Anyways, a quick shout out that CSRF tokens can only do so much.

If your website has XSS attack in the first place, then CSRF tokens can't do much.

It's, already a god case.

What kind of CSRF tokens to use, based on whether the application is stateful or stateless.

There can be various kinds.

And, yeah, the names are up there.

Sorry, you're going to rush slightly.

Cool.

Some strategies Atlassian has taken to protect against CSRF.

We let no state changing actions happen through get HTTP methods.

Yes, I know that some people still try to do it, but that's why your protections are not fall through.

So please, no state changing requests using get.

Similarly, having the sameSite attribute turned on is fantastic.

Last but not least, we make sure on a proxy level, or, sorry, on a gateway level that all requests have a valid CSRF token, no CSRF token, no request, that's a hard policy.

And last but not least, CORS, cross origin requests off, so to ensure we have a layered approach to security rather than, I know I just said a bunch of jargon and not explained them much.

Apologies for that, but, you can always go back to the slides and maybe take a picture and look them up later.

Cool.

We have talked about our protecting our own code, but what of other people's code?

Because as we know, as we're developing sites, we, are pulling in stuff from all kinds of places.

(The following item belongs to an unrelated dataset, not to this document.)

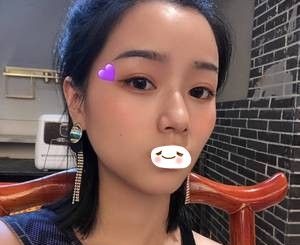 内双做哪种双眼皮好?可以参考我在张家口维多利亚做全切双眼皮术后变5mm自然平扇形双眼皮的效果 图2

And this is one of the, favorite images I have about third party dependencies.

Again, a very quick question.

I know I'm going over time, so I'm just going to take one or two more minutes.

If you're using a third party dependency, you're just, if that third party dependency gets hacked, you're just as much impacted.

And in the past, how many of these ways do you think a NPM dependency or a PyPy package has been popped?

Did the attacker hack them by asking nicely to hand the package over?

Did they buy the package from them?

Did they socially engineer them and trick them to hand it over?

Or, last but not least, did they, did the package just run out of, got deprecated?

They registered something?

Any guess?

All four.

Yes, you're correct.

All four.

All four ways someone has managed to pop an npm dependence, npm package.

And the funniest of all is probably the most ironic where the attacker pretended to be a genuine contributor and then said that, hey, your, dependence is awesome.

Can I buy it from you and maintain it?

And the guy was like, sure, but I don't get any money.

I don't get paid for it, let alone much recognition.

Here you go.

Next thing like the previous guys were showing, Monero is running and they're mining Bitcoins.

I'm actually a bit disappointed that they only ran Bitcoin miners rather than not doing much, which is a bit sad.

But yeah, a third party library is a big risk, and this is just a snapshot of the top NPM packages at that time when I was preparing the talk, and how many vulnerabilities that existed in the top 10, and as you can see, most of them actually had a critical vulnerability or a vulnerability high enough.

Similarly, it's not just...

so how can we protect ourselves against it?

Again, there's lots of ways built in into GitHub, bitbucket that help you do it, but on top of that, there are tools.

I'm not going to mention any anyone specific, but go check it out.

There's lots of great tools out there and it's a whole different subject.

Actually, I have another talk just on this topic in another conference, so I'm just going to leave it there as a next thing.

Utilize frameworks like Salsa or S2C2F.

I know more jargon, but it's "Secure Software Consumption Framework", and it's by Microsoft, they have open sourced it, fantastic.

These can really guide you a lot.

And my hot take is, when you have a dependency, staying actually one version behind the bleeding edge is often something we recommend because you never know where that latest version came from.

It could be a genuine thing or it could be a Bitcoin miner.

You really don't know these days.

Very quickly, it's not just consumption, it's also when you're producing it.

If you're an open source, package maintainer, there are things you should check out.

This article is awesome.

I haven't maintained any, so this is not my forte.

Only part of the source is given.